Man lernt, einen Weinstock zu lesen, sucht sich die stammnächsten, gesunden Triebe aus, lässt in Summe neun bis zwölf Augen auf den beiden Trieben stehen und schneidet nahezu alle anderen Triebe weg. Nahezu, weil ein Ersatzholz, ein Reservezapfen durchaus rettend einspringen können, wenn beim Biegen oder durch frühen Hagel die vorgesehenen Triebe Schaden nehmen.

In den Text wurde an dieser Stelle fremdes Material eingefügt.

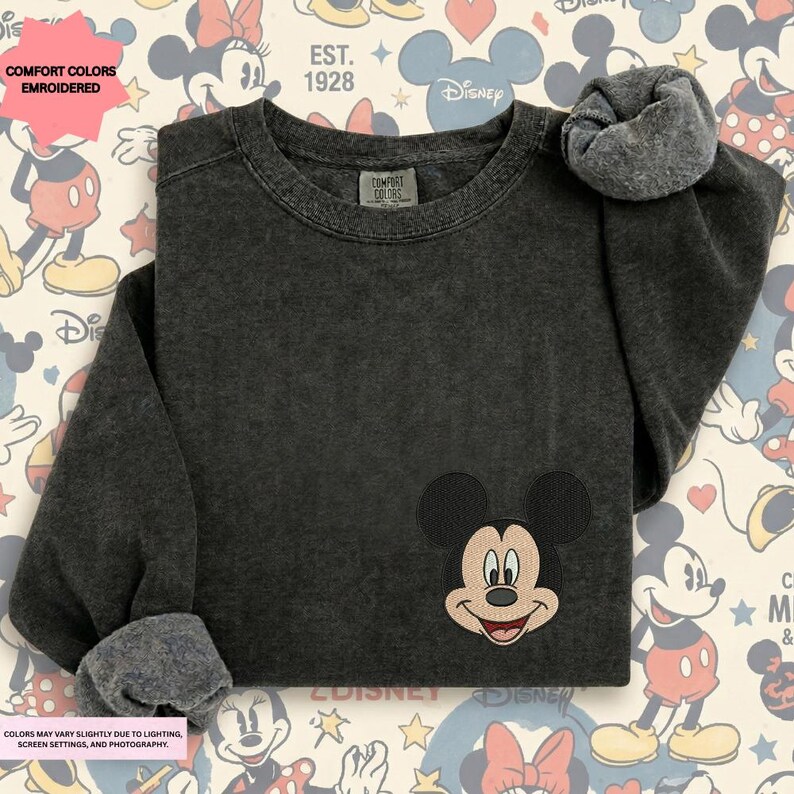 a black sweater with a Mickey Mouse embroidered on the front, placed on a background with Disney-themed graphics.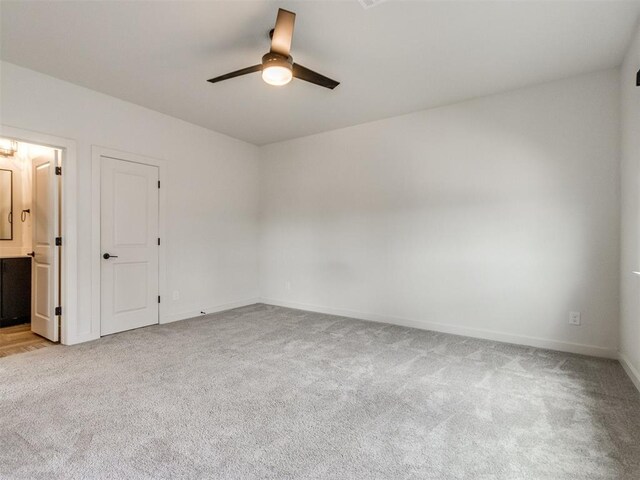 8916 NW 130th St, Oklahoma City, OK 73142 - spare room featuring light colored carpet, ceiling fan, and baseboards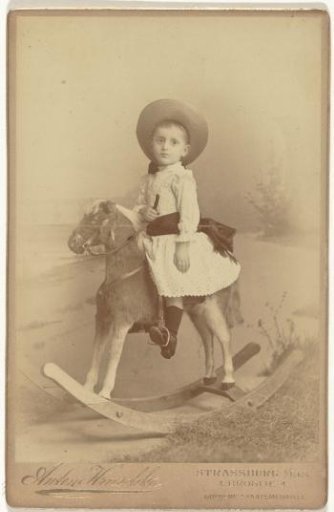 Young Eugen Wachenheimer, dressed in a dress and dark stockings, seated on a rocking horse, with a hat on his head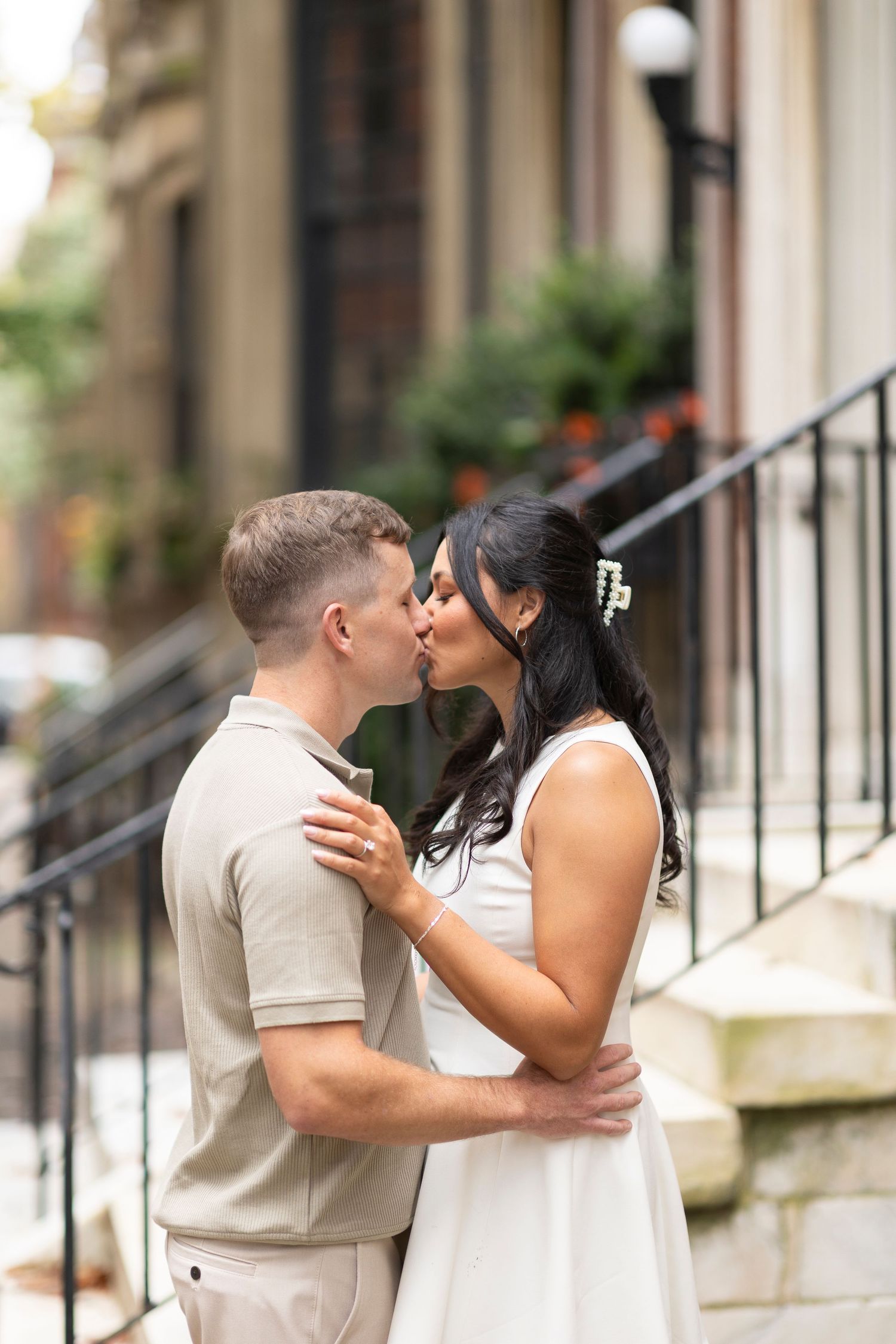 Tender romantic moment shared between couple on city sidewalk during engagement photos.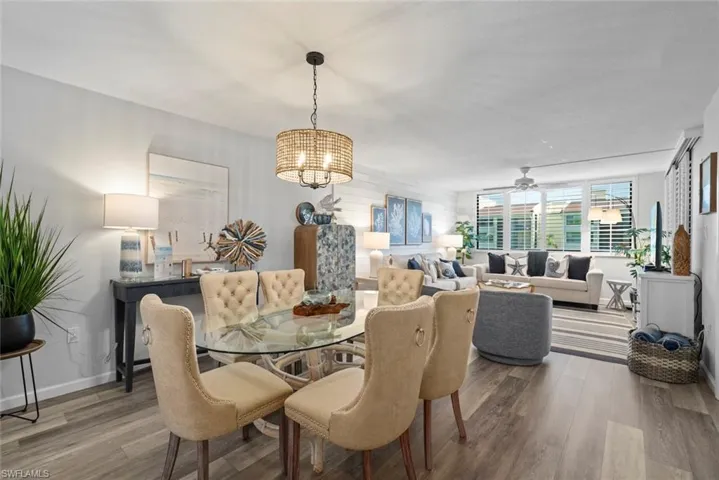 Open living area featuring wood-finish flooring, a decorative shiplap accent wall, a woven drum-style chandelier, and large windows with integrated blinds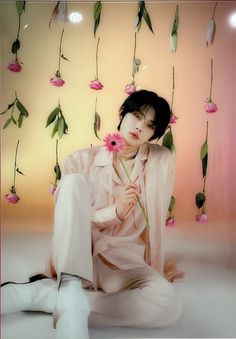 a woman sitting on the ground with flowers in her hair and holding a pink flower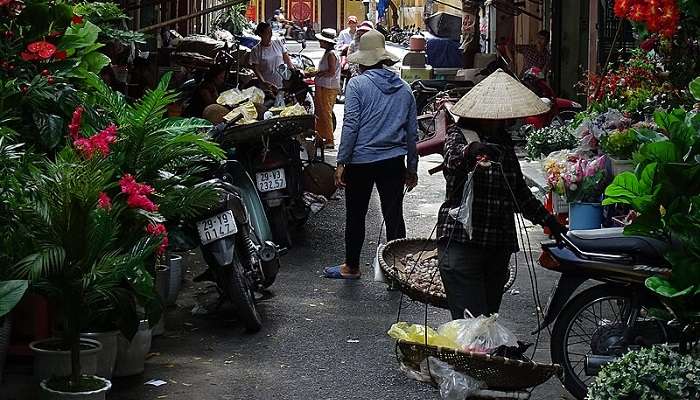 Exploring the narrow alleys of the Old Quarter is one of the best things to do in Hanoi in June.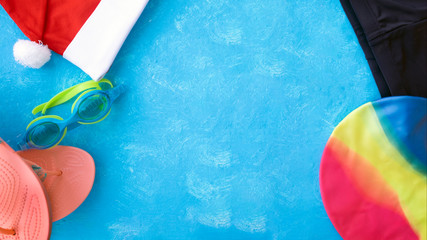 Christmas background for pool or fitness club. Santa Claus hat with swimming goggles, swimming trunks and flip-flops, as well as a swimming cap. happy new year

Aber Schnitt ist nicht Schnitt. Es gibt weltweit die unterschiedlichsten Techniken, ja, man muss sogar von Schulen sprechen, und es ist jeder Winzer davon überzeugt, dass seine Technik die richtige ist. Die Jünger ihrer Schulen sind streitbare Vertreter und lassen links und rechts von sich nichts gelten. Die irren in Wahrheit alle. Es gibt eine einzige richtige Technik, und das ist meine.

Ich nenne diese Technik nach dem wunderbaren Polizeichef Louis Renault aus dem Film Casablanca, der, gefragt nach seiner Überzeugung, antwortet, er richte sich nach dem Wind, die Louis-Louis-Technik. Ich nehme mir vor, elegante Doppel-Pendel-Bögen zu schneiden. Weil ungeschickt oder deppert (das einschließende "Oder"), bricht einer der beiden zu biegenden Triebe ab, und ich wechsle auf die immer noch hübsch anzusehende Schule des einfachen Flachbogens. Bricht auch der oder stellt er sich als krankhaft dar, so eskaliere ich zur Zapfentechnik.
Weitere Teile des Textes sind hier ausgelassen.